[jppittma]

How is the kubernetes secret API lock in? Genuinely wondering - were you trying to use that deployment yaml for something other than a kubernetes deployment? For most applications, you should be mounting the secret on your application, then you can inject it as either an environment variable or a json file that your application reads in an environment agnostic way.

Then, on the backend, you can configure etcd to use whatever KMS provider you like for encryption.

[stackskipton]

Because you can't run the container, even for development outside Kubernetes.

Yes, you can mount Secrets as Volumes or Env Var in Kubernetes which is fine but I'm not talking about "How you get env var/secret" but "Methods of dealing with config."

[jppittma]

Yes you can? The container should be completely agnostic to the fact that it's running in kubernetes. You can do config the same way. Configmaps are mounted as regular files and environment variables. The application doesn't care if the configmap came from the cluster resource or a file your created on your dev machine with dev credentials. You can mount local files into the container yourself. It's docker run -v "source:destination" I think.

[joshribakoff]

One of you is talking about mapping a secret to an environment variable and the other one of you is talking about having the work load make an API call to retrieve the secret. You’re not even talking about the same thing.

[jppittma]

The k8s api server is the thing that's configured to talk to your Thales or whatever. On managed kubernetes, these are usually preconfigured to talk to the vendor -- that's the difference between a secret and a config map. The secret is encrypted when it's stored in etcd.

You'd be forgiven for being mistaken however, because this encryption is handled in a way that's transparent to the application.

If you're talking about your application making a call to the k8s api server, then you shouldn't do that unless you're developing a plugin. The kubelet knows how to retrieve and mount secrets from the k8s api server and display them as environment variables to the application. You just declare it as a part of your deployment in the podspec.

[stackskipton]

sigh I’m extremely competent Ops type and I know. If you mount secrets as Volume or Env Var, that’s Config file or Env var from Application PoV. We are looking at this from Application PoV.

I’ve seen Applications that do direct calls to Kubernetes API and retrieve the secret from it. So they have custom role with bindings and service account and Kubernetes client libraries.

[jppittma]

If you're not developing k8s operators, you're calling the api server directly, then complaining about lock in, then that's a skill issue. If you're developing k8s operators, then you should use a tool like kind for integration tests and dependency injection for other stuff and the concept of lock in doesn't make sense. You can also deploy your helm chart directly to kind.

[cassianoleal]

Don’t use live system secrets and credentials when running your application locally. Then you don’t need to access the same secrets.

Keep it simple and design your applications so they’re agnostic to that fact.

It’s really not that hard, I’ve been doing this for at least 6 or 7 years. A little bit of good engineering goes a long way!

[Nilocshot]

This is where I like things like Tilt. If you're deploying to a k8s cluster, it's probably a good idea to do local dev in as close to a similar environment as possible.

Bit more of an initial hurdle than "just run the docker image"; however.

[stackskipton]

I've look at Tilt and it's another abstraction for Kubernetes which rarely ends well at scale.

However, most of time, Devs don't need to develop on Kubernetes since it's just Container Runtime and Networking Layer they don't care about. They run container, they connect to HTTP endpoint to talk to other containers, they are happy. Details are left to us Ops people.

[fragmede]

It seems contradictory to say that Tilt is an abstraction over kubernetes and say that won't work at scale, but then volunteer ops to be a layer of abstraction over kubernetes as a solution.

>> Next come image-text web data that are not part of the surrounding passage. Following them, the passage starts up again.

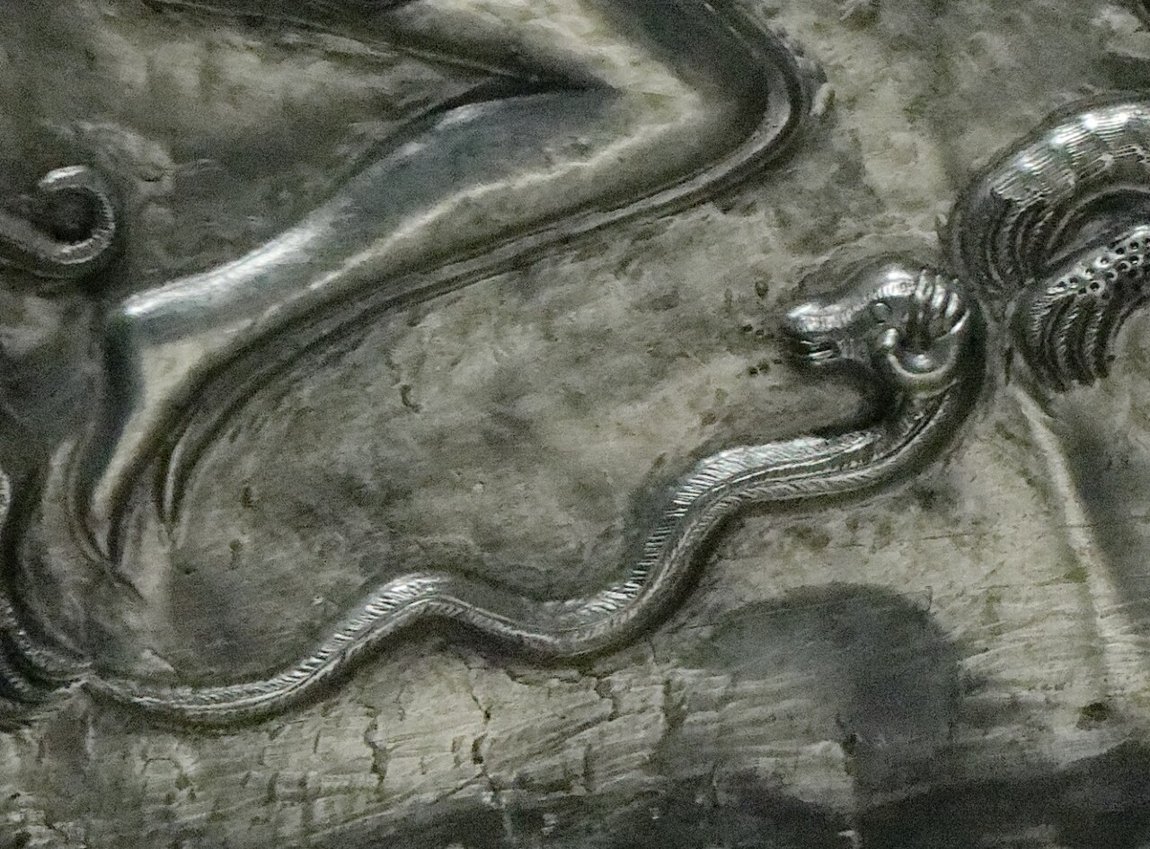 Detail des Kessels von Gundestrup (Platte C) mit gehörnter Schlange — Tiere trugen im Kult sinnbildliche Bedeutung.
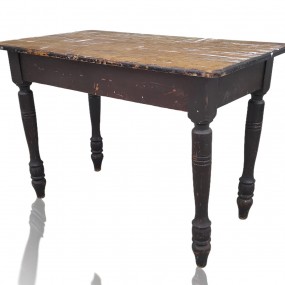 Petite table rustique avec pattes tournées 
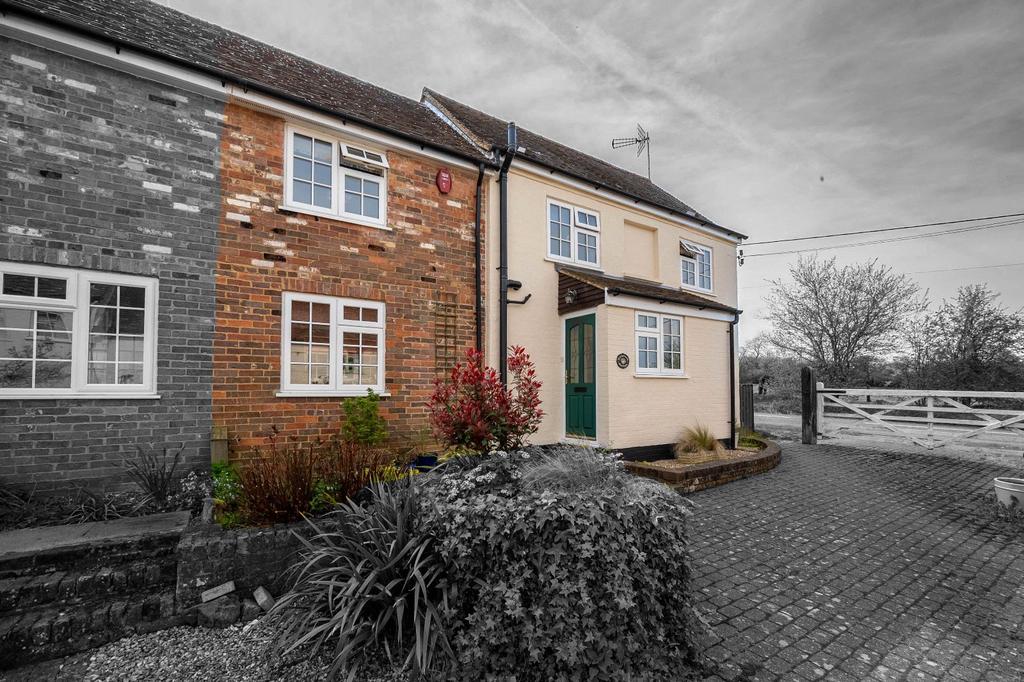 Hollybush Lane, St. Albans AL3 2 bed semidetached house for sale £525,000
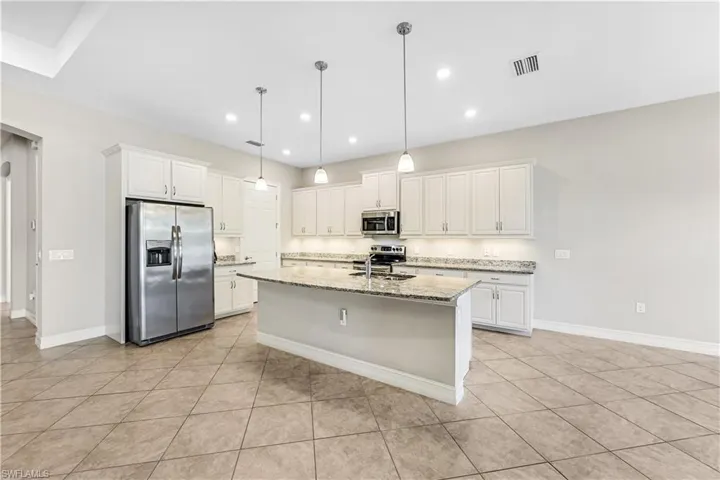 Gourmet kitchen with large breakfast bar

FWIW, Skaffold.dev is similar to Tilt, and has been working out great. "skaffold dev" on the cli or the corresponding button in the users IDE starts up a local kube cluster (minikube), the dev code in a container, any other configured containers, optionally opening a port to attach a debugger, and watches the code for changes and restarts the container with the dev code when there's changes. Developers aren't beholder to the capacity of whoever's on call on the ops team to manage the containers they need to be productive. The details of pods and CRDs and helm and ArgoCD and kubectl are abstracted away for them. They just run "skaffold dev" and edit code. Ops gets to run "skaffold render" to build and tag images, and generate the corresponding kubernetes manifest.

[stackskipton]

Ops is not a layer of abstraction over Kubernetes no more then Dev is layer of abstraction over Python. We both have different responsibilities and thinking that Ops is just missing one more library is why it goes so wrong.

Kubernetes is massive beast and I get it. It feels extremely overcomplicated for "Please for the love of all that holy, just run this container." However, trying to abstract away such complexity is like trying to use Golang with some Python to Golang cross compiler. It works until it you need some feature and then oh god, all hell breaks loose.

I have not played with scaffold either but I will say. scaffold render should not be Ops job, I find it goes best when Devs present artifact they believe is ready for production and I can slot into the system. Otherwise, the friction between Devs handing Ops what they think is possibly buildable artifact quickly becomes untenable.